Wednesday, December 03, 2014


The bull market in US stocks is alive and well as illustrated by the top three charts of my favorite trend indicators: the Dow, the S&P 500, and the New York Stock Exchanged advance-decline line.

All three are above rising 50 day moving averages (green lines) and above rising 200 day moving averages. There is plenty of room for the Dow and the S&P to drop from current levels before meeting their 50 day averages. Unless and until two of the top three charts show a break below the 50 day moving average I will presume that the advance from the October 15 low will continue.

Market sentiment is growing more bullish as you can see from the chart of the 5 day moving average of the CBOE equity put-call ratio. My sense is that traders have not been bullish for long enough and have not backed their bullish views aggressively enough to end this up trend. I expect to see the put-call moving average near its June 2014 low before this happens.

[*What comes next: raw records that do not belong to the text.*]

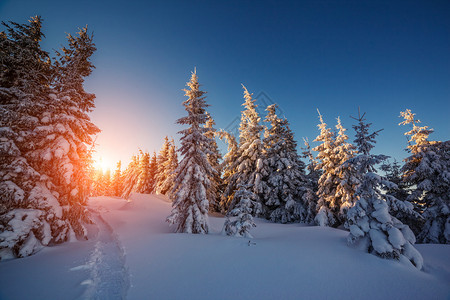 清晨阳光照耀的寒冬风景戏剧图片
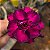Rosa do Deserto Enxerto Attractive Roxa Tripla Muda Baby - Imagem 4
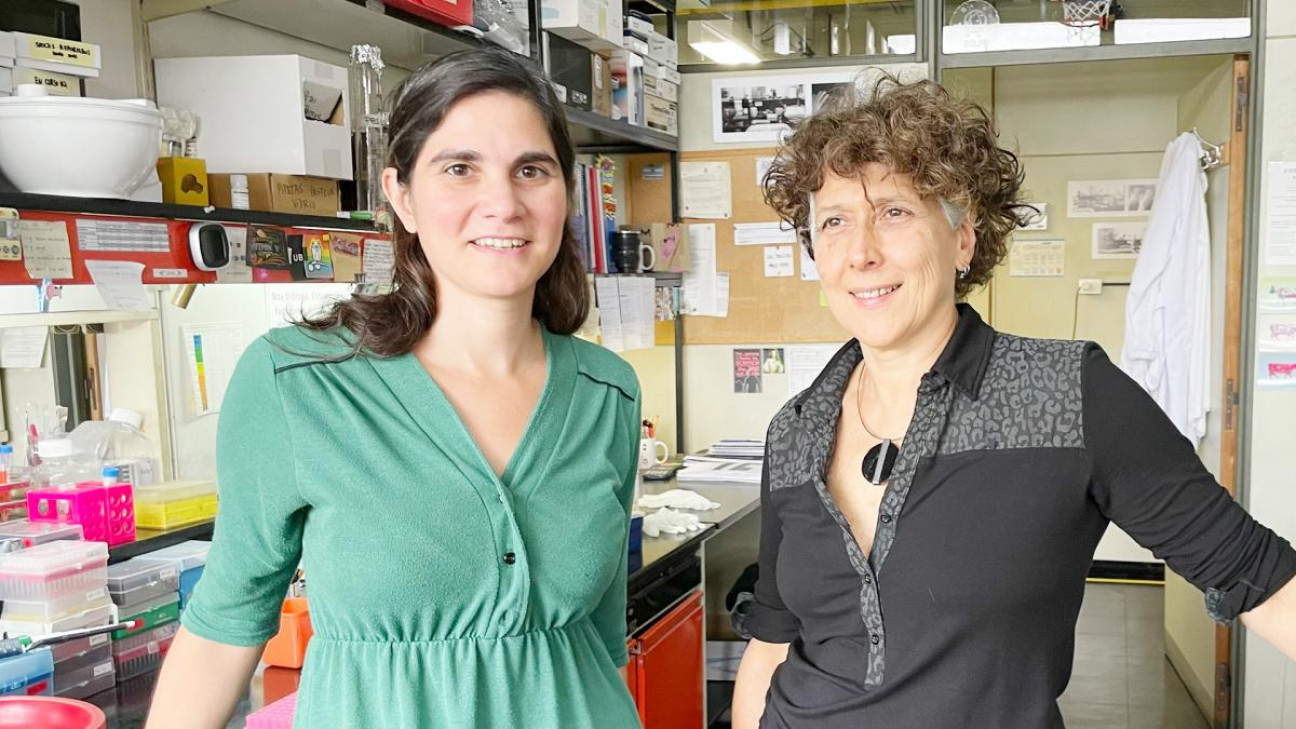imagen El Conicet abrió una sala virtual dedicada a las mujeres científicas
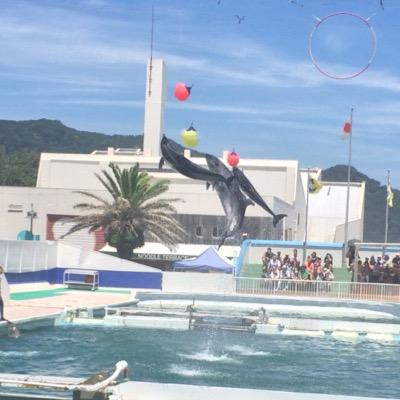 refertoyori's profile picture. 🐰🎀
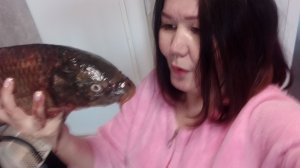 Рыба моей мечты 🐟😁Ушиваю платья👗, прячу ноги 👣,Рассказываю ,как у меня украли полку✌ 🤣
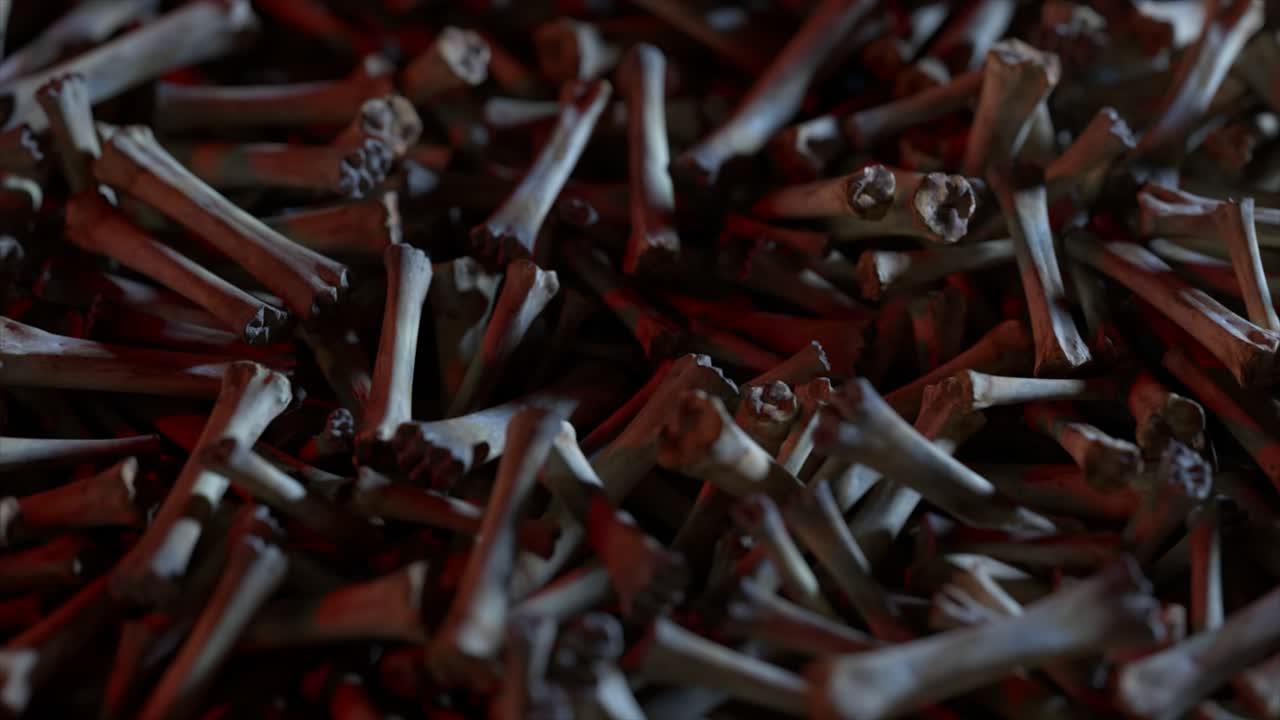 montón de huesos de animales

I had been concerned that the European Central Bank's tight money policy would kill the European bull market. But Mario Draghi, the ECB president, has pursued a policy of verbal quantitative easy and evidently the European stock markets find this enough to support a bullish trend, at least for the time being.

The bottom chart shows the European Stoxx 600 index. You can see that it has retraced almost all of its fast, September-October drop with an equally fast and persistent rally. This has brought the average back above its 50 and 200 day moving averages, a bullish configuration.

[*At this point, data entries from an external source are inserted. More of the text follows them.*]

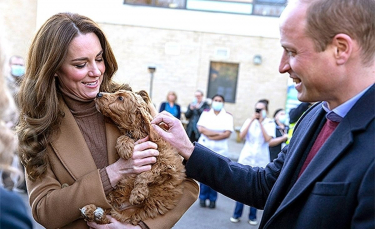 Illustration : "Le prince William et sa femme Kate tombent sous le charme d'un chien de thérapie pendant une visite royale"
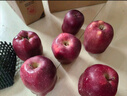 京鲜生 甘肃天水花牛苹果 又大又红 净重6斤 单果240g以上 生鲜水果  实拍图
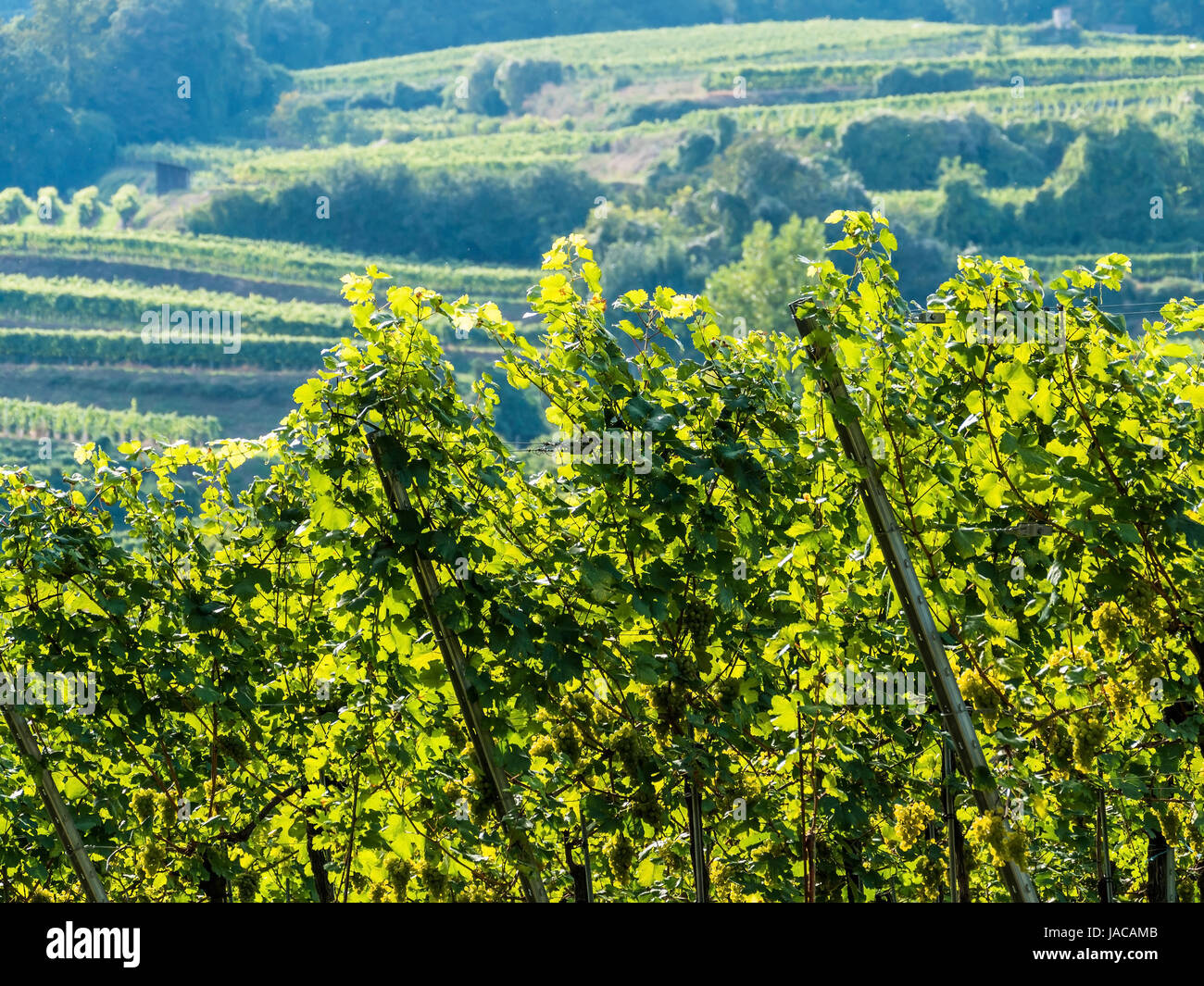 The vineyard of a winegrower in Lower Austria, Der Weingarten eines Winzers in Niederösterreich Stock Photo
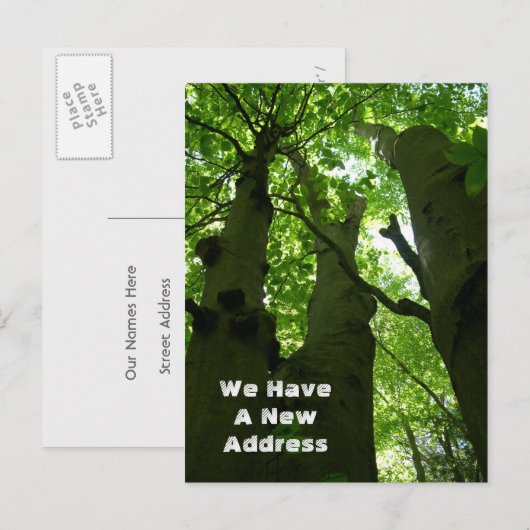 Big Beech Trees Summer Forest Moving Aankondigingskaart (Voorkant / Achterkant)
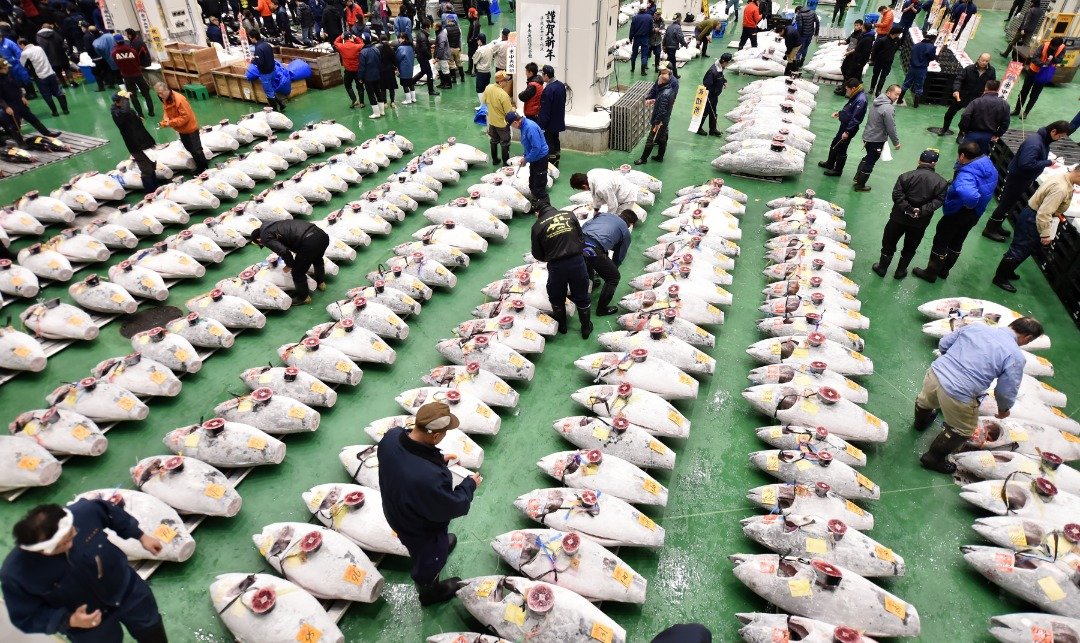 东京丰洲市场去年10月启用，周六举行首场新年拍卖会。批发商在拍卖会举行前，逐一检查排列成行的冷冻金枪鱼。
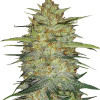 Red Kush Autoflower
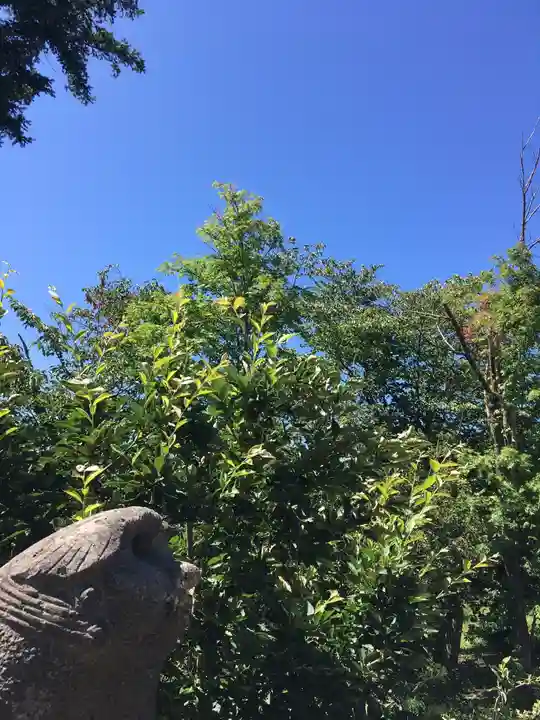 江部乙神社(北海道)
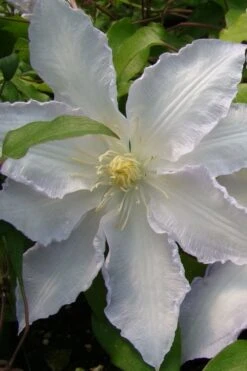 Gillian Blades Clematis - 1 Gallon Pot -Plant Serie Store clematis gillian blades 5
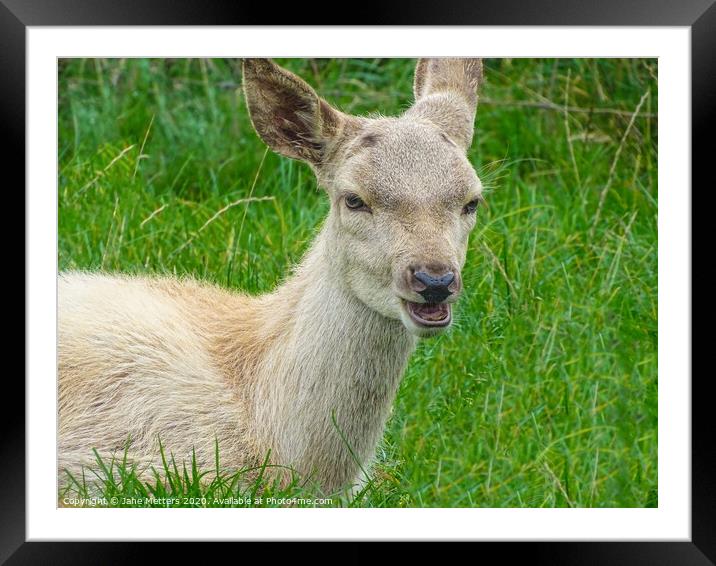 Resting on the Grass Framed Mounted Print by Jane Metters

I think that Draghi will have to back up his verbal gestures with significant concrete action. If the ECB starts to implement its own quantitative easing program then the Stoxx 600 will rally substantially above its 2014 highs.

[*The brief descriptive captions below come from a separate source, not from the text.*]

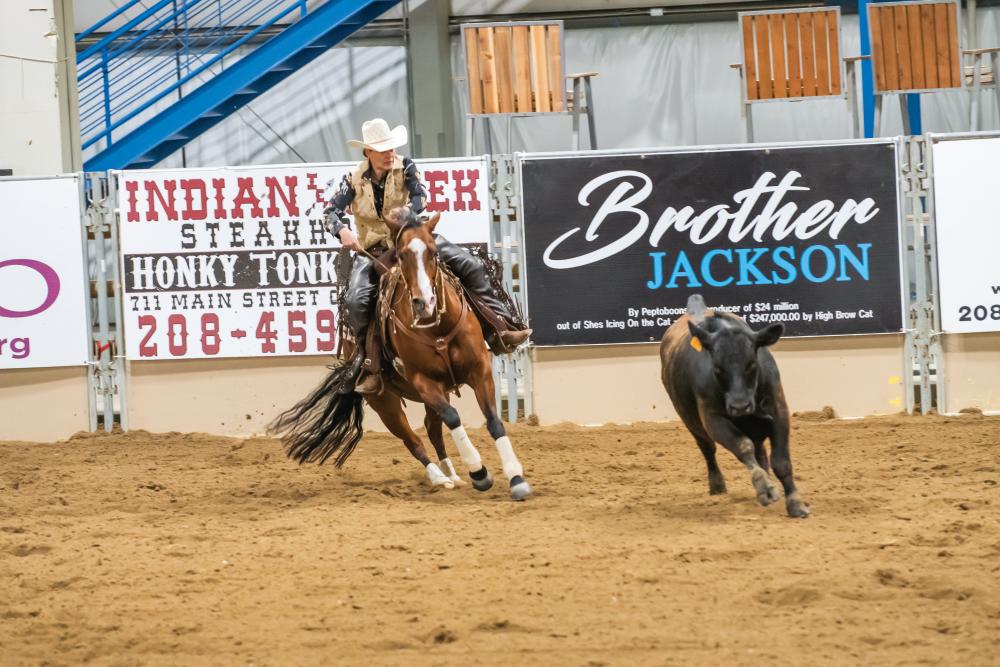 Idaho Reined Cow Horse Show 2022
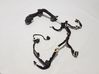 Other wiring loom 241256523R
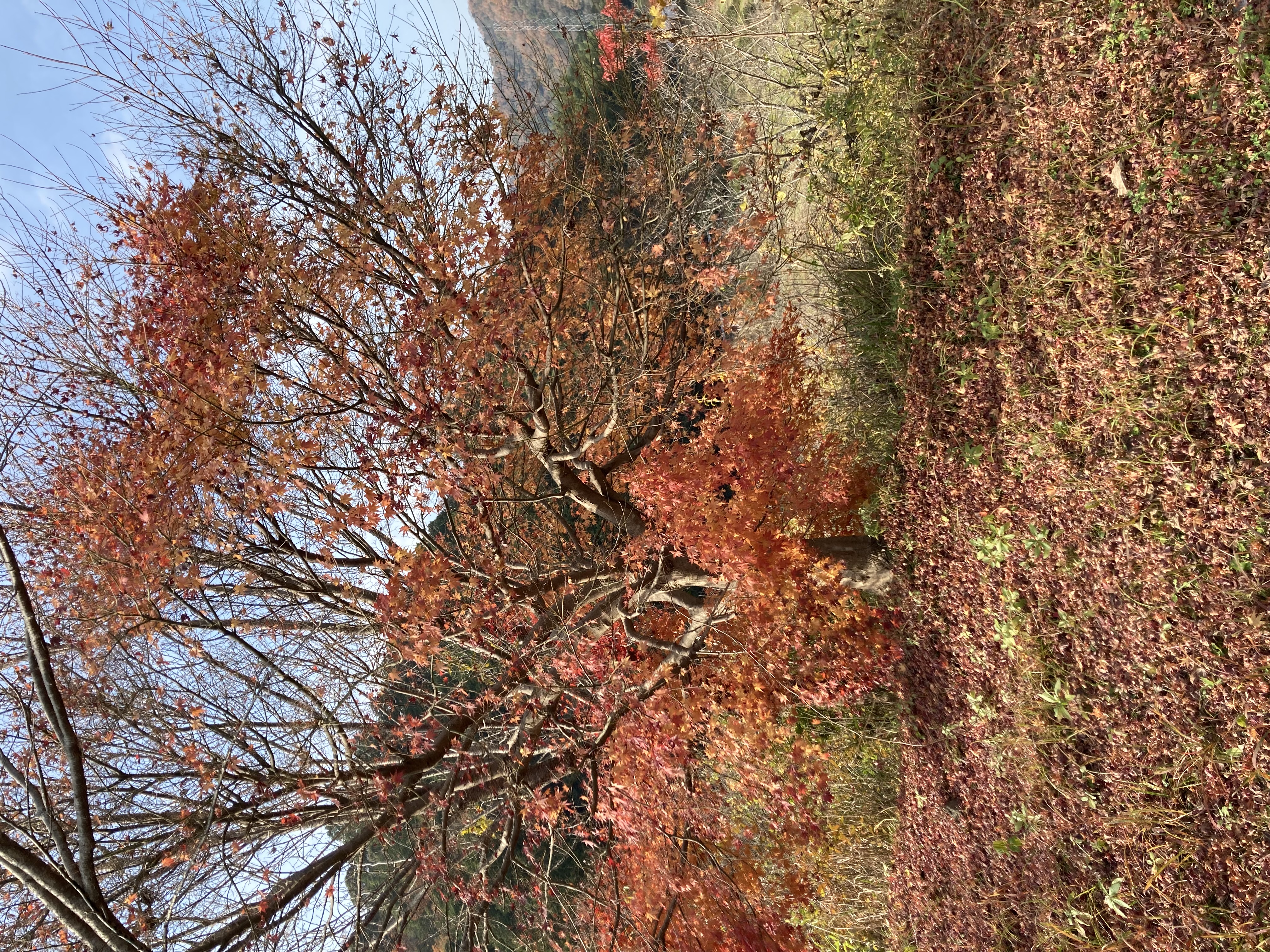  タイトル文（3）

The world-wide bull market in stocks has lasted for nearly 6 years and is still going strong. Evidently quantitative easing has had an even bigger effect on asset markets than anyone imagined it would. Give this circumstance I think it is a fair bet that the next bear market will begin only after one or more central banks have taken several steps in the direction of tighter money. One step only won't kill the bull market. If this assessment is correct then current levels of the Dow and the S&P will look low 12 months from now.